Sókrates Wiki

Sokrates Delivery Architecture

9 min read

Sokrates Delivery Architecture

Summary

The Sókrates delivery architecture describes how the platform — an on-premises AI appliance providing automated data integration, a living knowledge graph, and continuous operational intelligence — is deployed, operated, and evolved at customer sites. This page covers the operational lifecycle from hardware provisioning through onboarding, steady-state operation, and cross-fleet learning. For the underlying system design, see Technical Architecture Whitepaper. For the commercial model, see Sokrates Product Bundles (Cowork, Code, Compound).

1. Delivery Model

Sókrates is delivered as a managed on-premises subscription. The customer receives a physical appliance that sits behind their firewall. Sókrates provides the hardware, the software stack, continuous model improvements, automatic schema healing, and fleet-wide intelligence updates. The customer gets the output of a dedicated AI and data engineering team without the payroll.
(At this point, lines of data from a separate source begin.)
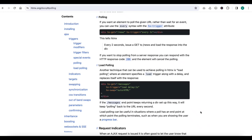Hello everyone, welcome to my video. In today's video we will see what is data polling in htmx. Before going to data polling, let me give you some brief about htmx.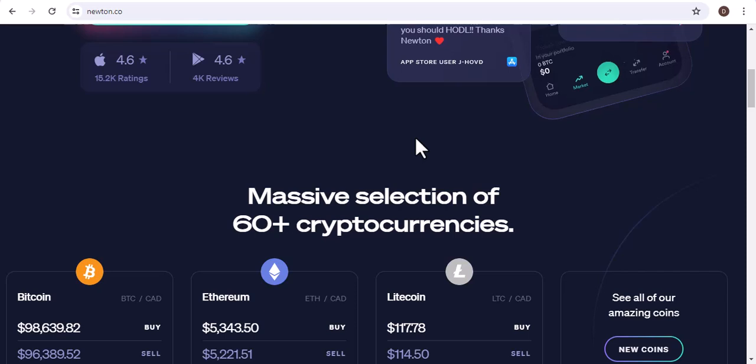Solana (SOL). Solana is a high-performance blockchain platform that is known for its speed and scalability.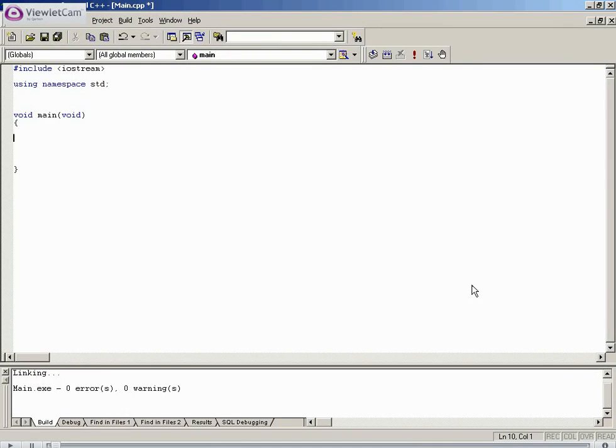Hello there, this is Sean Grizzly. Welcome to volume 12 of our C++ tutorial.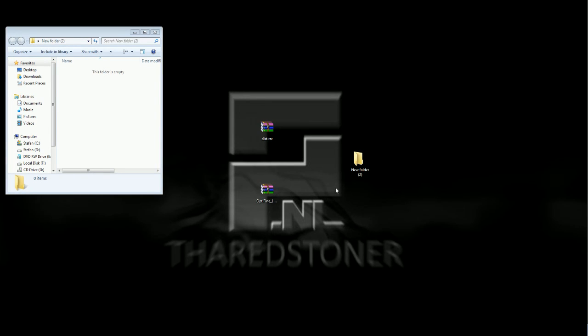Hey guys, TheRedStone here with a small tutorial on how to install the mod, the official MCPPP mod.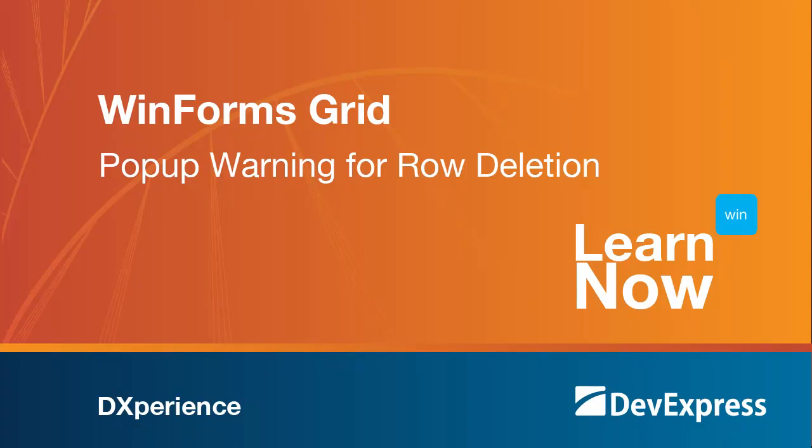Welcome to the DevExpress Learn Now series, a set of quick tutorials to help you get started with DevExpress controls.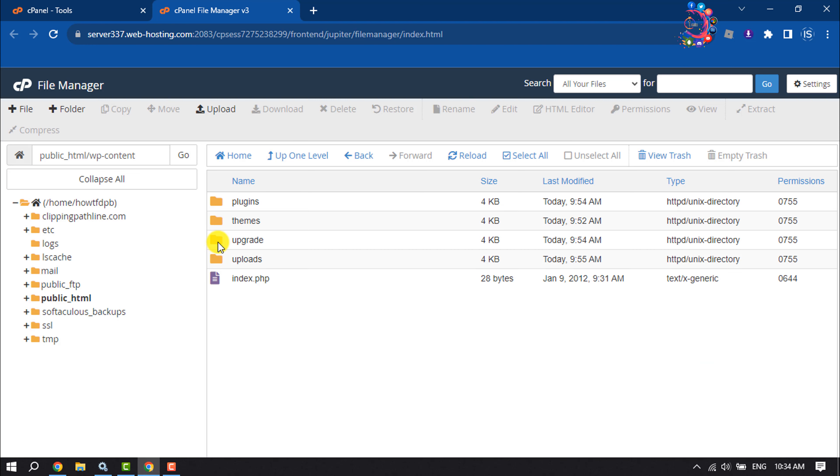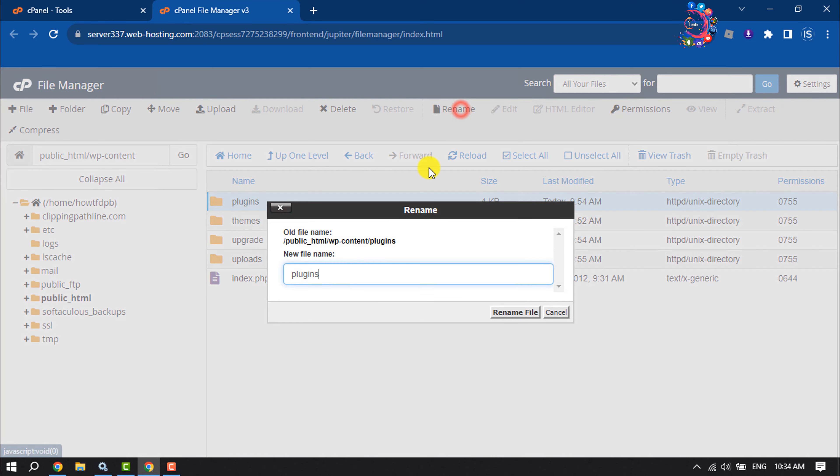Once you are here, select the plugin folder, click on rename, and change the plugin folder name. I'm going to rename it to plugin-12, then click on rename file.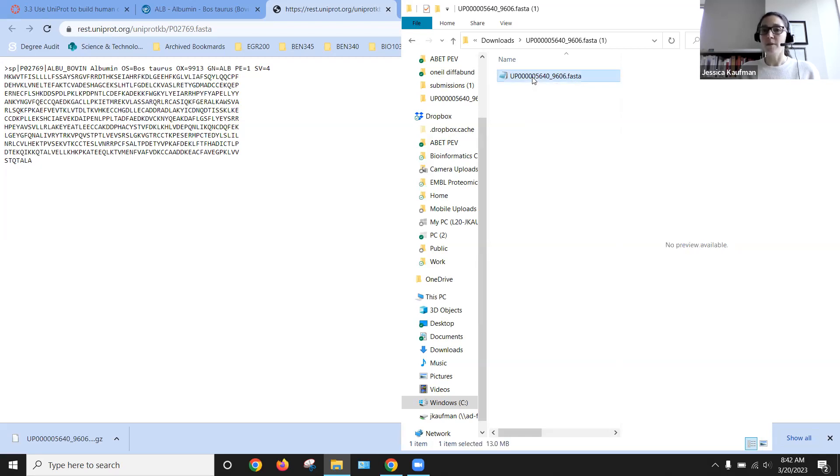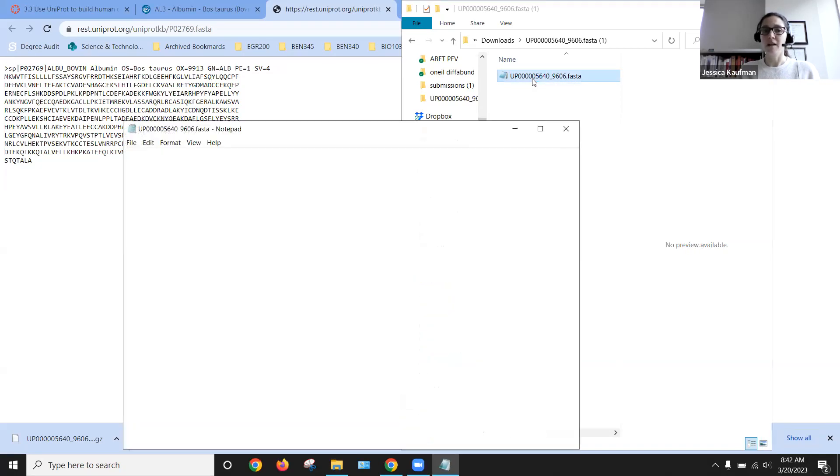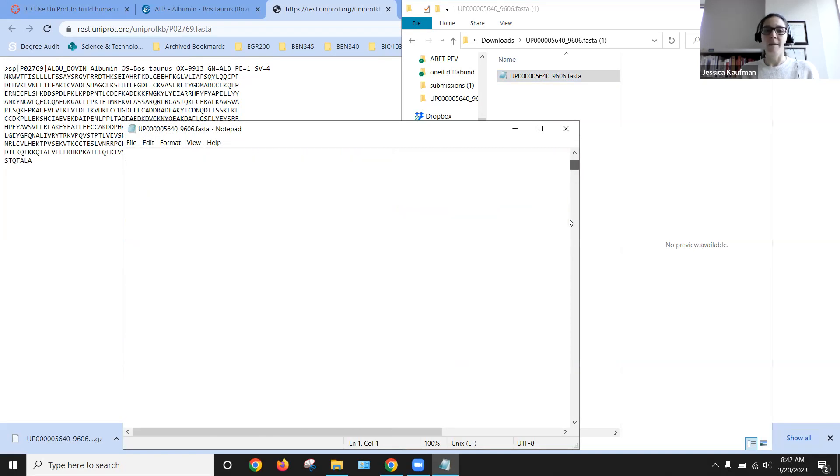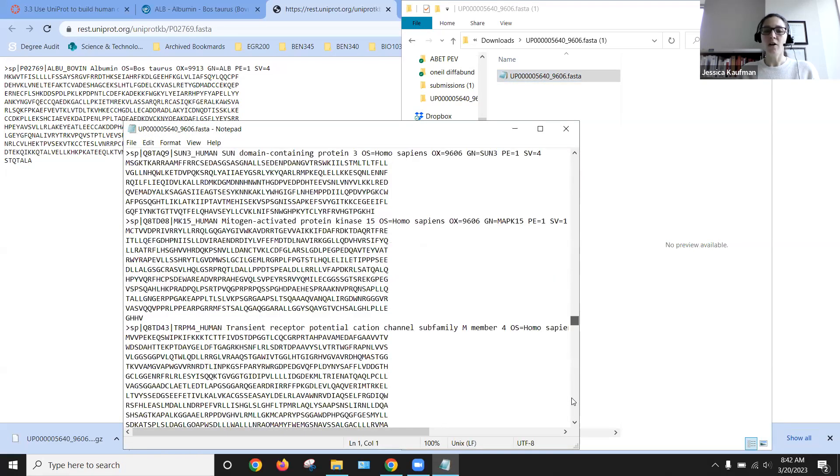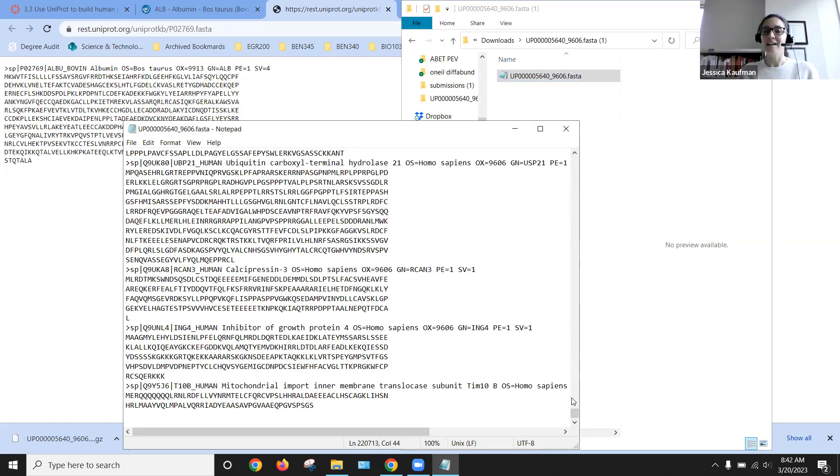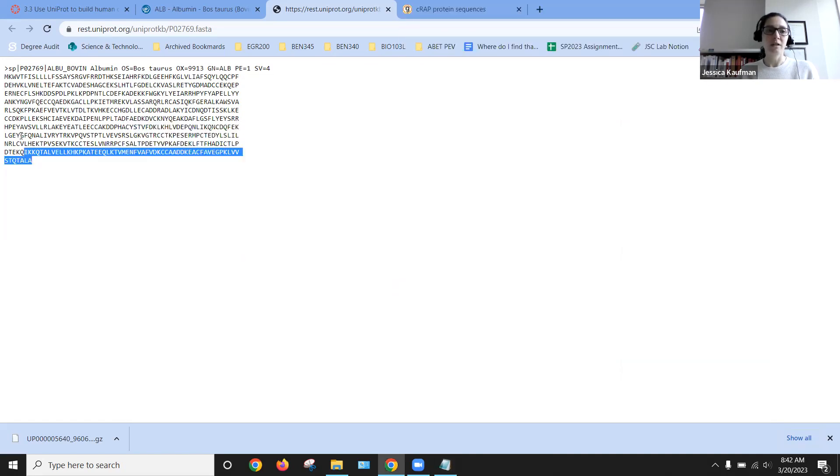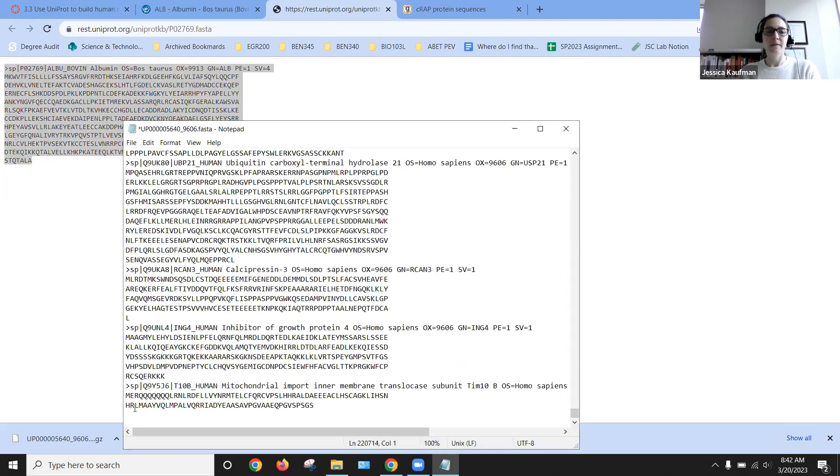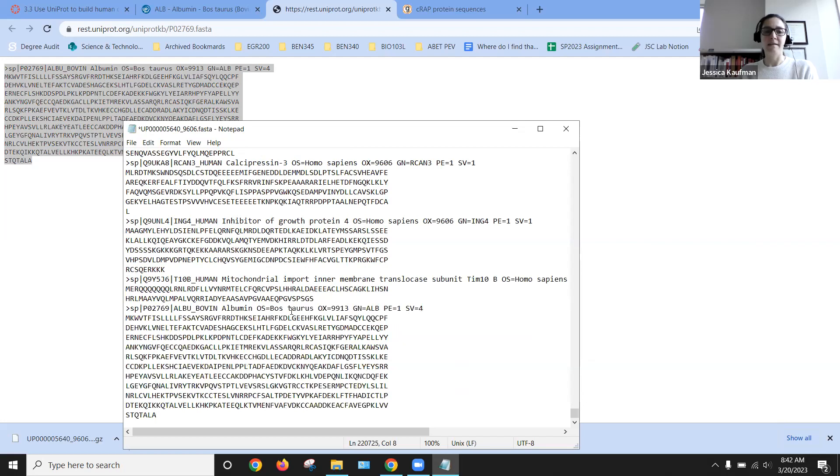I'm just going to open this up on Notepad. I can see it's a very large file and I can scroll all the way to the bottom to add my non-human sequence. So I'm just going to hit return, go to the web browser, copy the sequence and paste it in.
The delivery progresses through three service tiers — Cowork (augment existing staff), Code (expand capabilities), and Compound (deploy autonomous agents) — each representing a phase transition in how the business uses AI. See Sokrates Product Bundles (Cowork, Code, Compound) for the commercial rationale.

2. Hardware

Coordination Tier: CWWK N305

All deployments use the CWWK 4-LAN N305 fanless mini-servers (Intel i3-N305, 8C/8T up to 3.80GHz, DDR5 up to 32GB, 4x Intel i226-V 2.5GbE LAN, M.2 NVMe, 15W TDP). These run the coordination stack: Hermes Agent, a local Eidos instance, Neo4j, MCP servers, and route complex inference to cloud providers via OpenRouter. See CWWK 4-LAN N305 (Sokrates Box) for full specifications.

Inference Tier: NVIDIA DGX Spark

The local inference appliance is the NVIDIA DGX Spark — a desktop-format AI computer powered by the GB10 Grace Blackwell Superchip. It provides 128 GB of unified coherent memory (shared CPU/GPU via NVLink-C2C, no PCIe bottleneck) and 1 PFLOP of FP4 AI performance.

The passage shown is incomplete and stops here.